Sergey Nivens - Fotolia
More than 70% of 120 global professionals who have implemented ISO27001, or plan to do so, reported that improving information security was the biggest driver, according to the survey by IT Governance.
With a 25% increase in the number of reported data breaches in 2017, according to European cyber security agency Enisa, cyber security is fast becoming a top priority for organisations, the report said.
However, nearly 60% of those implementing ISO 27001 believe that a cyber attack is either very likely (14.85%) or likely (44.55%), underlining the standard’s focus on risk management.
The report notes that ISO 27001 is designed to identify, mitigate and minimise risks, and so, in recognition of the fact that cyber attacks are increasingly likely, organisations are using the standard to ensure they are well prepared to fend off an attack and limit the damage.
The report also notes that as the only auditable international standard that defines the requirements of an ISMS, ISO 27001 certification demonstrates that an organisation’s information security is managed in line with international best practice.
“Unfortunately, as long as cyber crime remains a lucrative trade, risks will continue to escalate and attackers will continue to proliferate,” said Alan Calder, founder and executive chairman of IT Governance. “To counter this, organisations need to be fully prepared. ISO 27001, an information security standard designed to minimise risks and mitigate damage, offers the preparedness that organisations need.”
Other top reasons for implementing ISO 27001 include gaining a competitive advantage (57%), ensuring legal and regulatory compliance (52%) and achieving compliance with the EU’s General Data Protection Regulation (GDPR), which was cited by 48% of respondents.
According to IT Governance, ISO 27001 provides an excellent starting point for achieving the technical and operational measures required by the GDPR to help mitigate data breaches.
Closely in line with the drivers for implementing ISO 27001, improved information security was by far the greatest advantage afforded by achieving certification, according to 89% of respondents.
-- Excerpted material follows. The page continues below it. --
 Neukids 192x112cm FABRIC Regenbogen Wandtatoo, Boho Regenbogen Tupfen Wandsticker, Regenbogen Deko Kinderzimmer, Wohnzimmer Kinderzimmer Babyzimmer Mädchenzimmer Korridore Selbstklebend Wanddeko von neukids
And two-thirds of organisations said ISO 27001 improves their security posture – up 3% compared with the 2016 survey.
Other ISO 27001 benefits cited included meeting increasing client demands for greater data security (81%), improved internal processes (67%), improved staff awareness of information security (62%), and improved company image or reputation (58%).
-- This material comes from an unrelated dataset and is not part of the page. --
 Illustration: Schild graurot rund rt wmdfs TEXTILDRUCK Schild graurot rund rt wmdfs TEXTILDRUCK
Asked about the main challenges to implementing ISO 27001, 51% of respondents cited obtaining employee buy-in and raising staff awareness, followed by ensuring the right level of competence and expertise (45%), understanding the requirements of the standard (43%), conducting the information security risk assessment (37%), and securing sufficient budget to implement an ISMS (34%).
The report notes that supplier-specified security controls can vary from supplier to supplier, but with ISO 27001, all suppliers are audited using the same set of controls.
“By allowing organisations to assure clients and suppliers that they have implemented best-practice information security processes, ISO 27001 certification plays a critical role in supply chain assurance and helps organisations win new business and create opportunities,” the report said.
The latest survey revealed that 41% of respondents reported that customers had inquired about their ISO 27001 status in the past year, which is a 4% increase from 2016, while 33% said customers “occasionally” enquired about their ISO 27001 status.
Conversely, 36% of respondents said they expect ISO 217001 compliance from certain high-risk suppliers, 10% said they expect ISO 217001 compliance for all suppliers, and 22% said they request information security audits from their suppliers, highlighting a growing focus on supply chain security.
In addition to ISO 27001, the survey revealed that the most popular control sets used for ISMS were the UK government’s Cyber Essentials Scheme (39%), followed by the Payment Card Industry Data Security Standard (PCI DSS) (34%) and guidelines set by the US National Institute of Standards and Technology (Nist) (29%), while 30% of respondents also reported using country or industry-specific or other corporate controls.